Заветная лира... Но ведь у каждого она своя, и поэзия каждому открывается по-своему.
Так прекрасно это было — узнать, что счастливо приземлились еще двое чудесных наших ребят из небывалого полета в космос, и услышать, что первые жители Страны Советов, встретившие их в казахской степи, примчались приветствовать Космонавта-3 и Космонавта-4 на тракторе!
А потом пошли шагать в космосе и другие. Вот сколько их уже! И это тоже вошло в нашу жизнь.
Хорошо написал рабочий — старый кочегар Роман Попович: «В нашей стране все, что делается, делается руками сыновей рабочих, колхозников, трудовой интеллигенции».




Мы всегда говорим детям своим, что труд — это творчество. Но пусть они, вступающие в жизнь, поймут и не забывают никогда, что творчество в свою очередь — это ежедневное, постоянное, требующее упорства трудовое усилие.
Глубоко поразило меня сочетание слов у космонавтов: «Полет — это работа». Гагарин и Титов, Леонов и Попович подробно рассказали, каким великим испытанием воли, мужества обретается право полета и какой величайший труд — сам дерзновенный, небывалый полет во Вселенную.

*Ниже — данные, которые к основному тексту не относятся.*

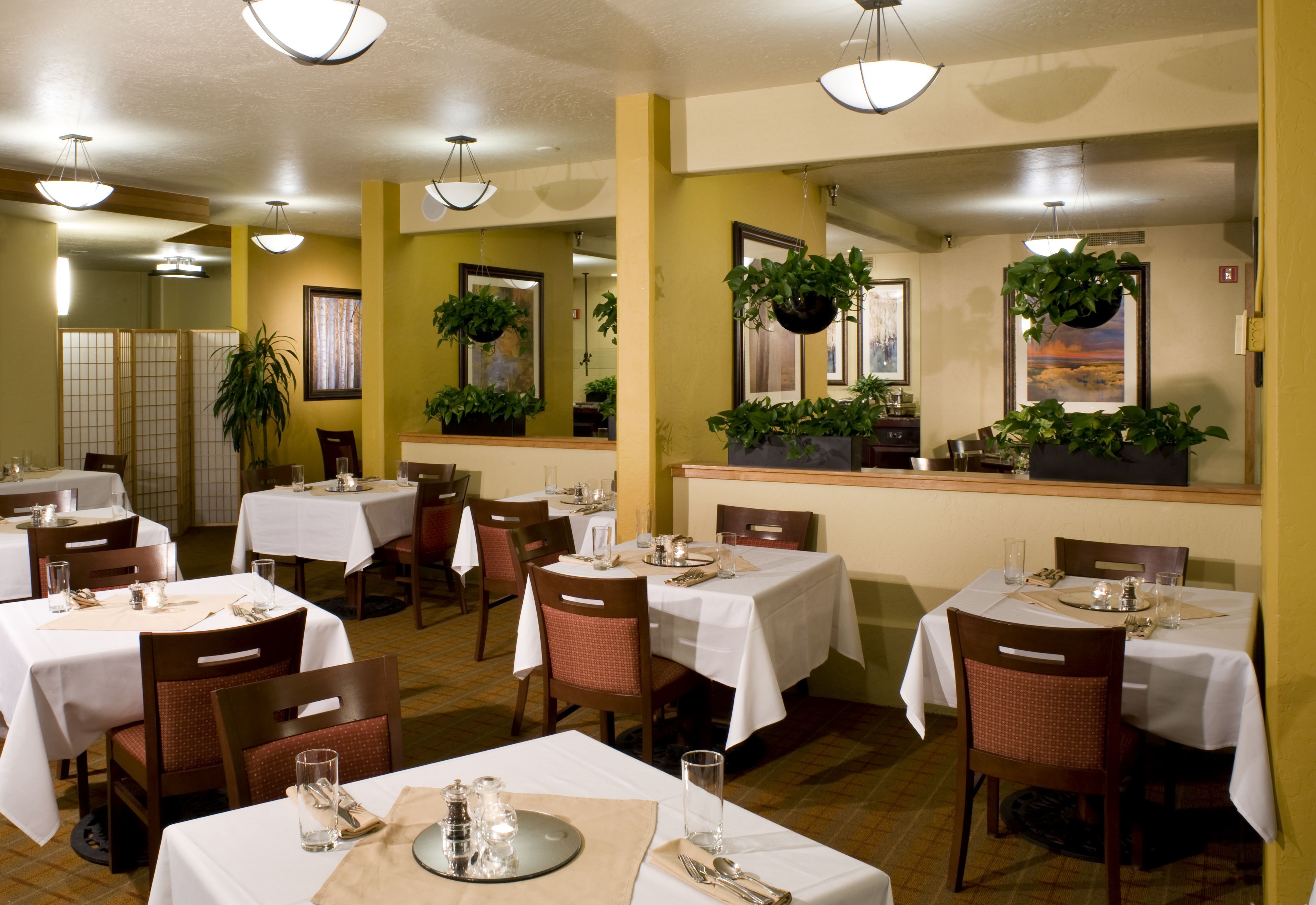 A restaurant with multiple tables set for dining, chairs, and hanging plants.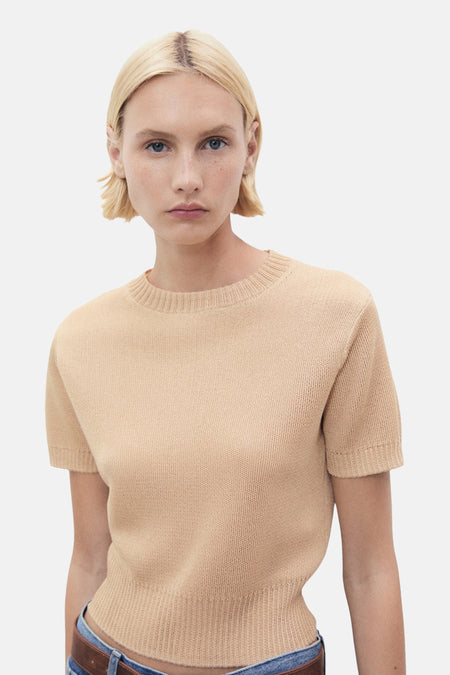 Beige trui met ronde hals van MANGO, in fijne breinaalden, gedragen met een spijkerbroek en een bruine riem.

Книга моя подошла к концу. Что сказать?
Я счастлив, что прожил так свою жизнь, что был и остался солдатом Революции. Но главное во всем этом то, что я лишь один из десятков миллионов советских рабочих. И если в капле видно отражение солнца, то и в книге жизни моей отражаются исторические события, творцами которых вместе со всем народом, руководимым Коммунистической партией, были всегда советские рабочие.
Мы говорим детям нашим, идущим на смену: все завоеванное оставляем вам, вам поручаем. Сделанное, задуманное и несвершенное. Ничего дороже у нас нет. Завет всех борцов теперь — вам! Будьте до конца верны нашим революционным и трудовым традициям. Берегите их, приумножайте их. Верим вам, наши дети!